EUR/GBP trades with a bearish tone for several days now after the Bank of England’s vague communication triggered a rally. Is the pair going to give back its recent gains after the UK inflation to be released this week?
The EUR/GPP cross pair recently jumped from its yearly lows as the Bank of England disappointed by not delivering on its promises. In October, the central banks hinted that it would not tolerate rising inflation and the market participants interpreted it that a rate hike comes sooner rather than later. As such, the British pound traded with a bid tone for the days ahead of the Bank of England’s decision.
But the bank did not raise the rates and, instead, delivered a dovish message. What followed was a massive selloff for the British pound, and the EUR/GBP cross is just one of the pound pairs that reflected the weakness – it rose from 0.84 to 0.86.

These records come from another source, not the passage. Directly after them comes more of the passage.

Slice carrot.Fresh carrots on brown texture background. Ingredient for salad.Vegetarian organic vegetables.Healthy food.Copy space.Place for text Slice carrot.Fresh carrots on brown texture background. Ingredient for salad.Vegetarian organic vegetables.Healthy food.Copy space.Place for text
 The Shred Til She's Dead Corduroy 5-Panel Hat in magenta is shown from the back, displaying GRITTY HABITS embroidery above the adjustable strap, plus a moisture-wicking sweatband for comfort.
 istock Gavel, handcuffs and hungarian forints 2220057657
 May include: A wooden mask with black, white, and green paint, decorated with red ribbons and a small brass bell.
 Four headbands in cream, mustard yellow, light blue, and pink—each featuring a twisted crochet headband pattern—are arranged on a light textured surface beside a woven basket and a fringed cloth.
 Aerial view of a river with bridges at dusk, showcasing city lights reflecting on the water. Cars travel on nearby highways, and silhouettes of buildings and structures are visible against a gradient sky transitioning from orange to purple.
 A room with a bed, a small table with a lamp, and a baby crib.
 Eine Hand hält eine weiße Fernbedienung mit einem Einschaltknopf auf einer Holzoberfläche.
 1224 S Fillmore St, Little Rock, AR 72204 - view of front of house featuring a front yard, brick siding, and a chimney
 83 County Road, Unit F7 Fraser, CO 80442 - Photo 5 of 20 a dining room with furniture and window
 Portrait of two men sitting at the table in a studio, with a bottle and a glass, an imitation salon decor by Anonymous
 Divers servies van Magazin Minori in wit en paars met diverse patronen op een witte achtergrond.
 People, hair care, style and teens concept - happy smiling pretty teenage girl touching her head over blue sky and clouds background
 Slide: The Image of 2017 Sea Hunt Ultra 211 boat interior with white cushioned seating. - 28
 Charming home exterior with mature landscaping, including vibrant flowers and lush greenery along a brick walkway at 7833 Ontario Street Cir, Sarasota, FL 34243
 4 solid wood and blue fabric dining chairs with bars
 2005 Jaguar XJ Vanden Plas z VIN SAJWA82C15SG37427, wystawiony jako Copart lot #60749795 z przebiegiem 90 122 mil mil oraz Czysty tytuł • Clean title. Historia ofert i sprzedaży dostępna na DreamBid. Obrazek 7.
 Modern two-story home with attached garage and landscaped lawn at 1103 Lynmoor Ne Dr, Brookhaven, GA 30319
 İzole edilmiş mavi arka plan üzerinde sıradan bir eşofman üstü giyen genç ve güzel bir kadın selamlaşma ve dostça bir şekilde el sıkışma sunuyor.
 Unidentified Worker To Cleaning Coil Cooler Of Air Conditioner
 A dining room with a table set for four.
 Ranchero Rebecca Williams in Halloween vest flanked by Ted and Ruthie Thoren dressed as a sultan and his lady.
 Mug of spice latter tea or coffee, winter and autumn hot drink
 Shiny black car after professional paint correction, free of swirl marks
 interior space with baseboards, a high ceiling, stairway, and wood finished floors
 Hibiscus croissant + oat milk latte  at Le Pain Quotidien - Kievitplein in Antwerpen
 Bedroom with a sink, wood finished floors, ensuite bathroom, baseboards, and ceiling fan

However, now that the Bank of England’s decision is behind us, inflation data is about to be released later this week. The market expects the YoY CPI at 3.8% and the core CPI at 3.1%. Based on how inflation is trending in the developed world, the risk is tilted to the upside and thus, inflation may rise more than expected. Therefore, the Bank of England might come under renewed pressure to act, should the inflation surprise to the upside.
Lower Highs and Lower Lows Series Suggests More Downside
Bullish bets have increased significantly since the Bank of England’s decision, but the technical picture remains bearish as long as the lower highs and lower lows series remain in place. The 0.8650 area is pivotal for the EUR/GBP bulls, as a daily close above the level would invalidate the series and the overall bias will turn bullish. However, the bears seem in control until then, and a drop below 0.85 should put further pressure on the cross.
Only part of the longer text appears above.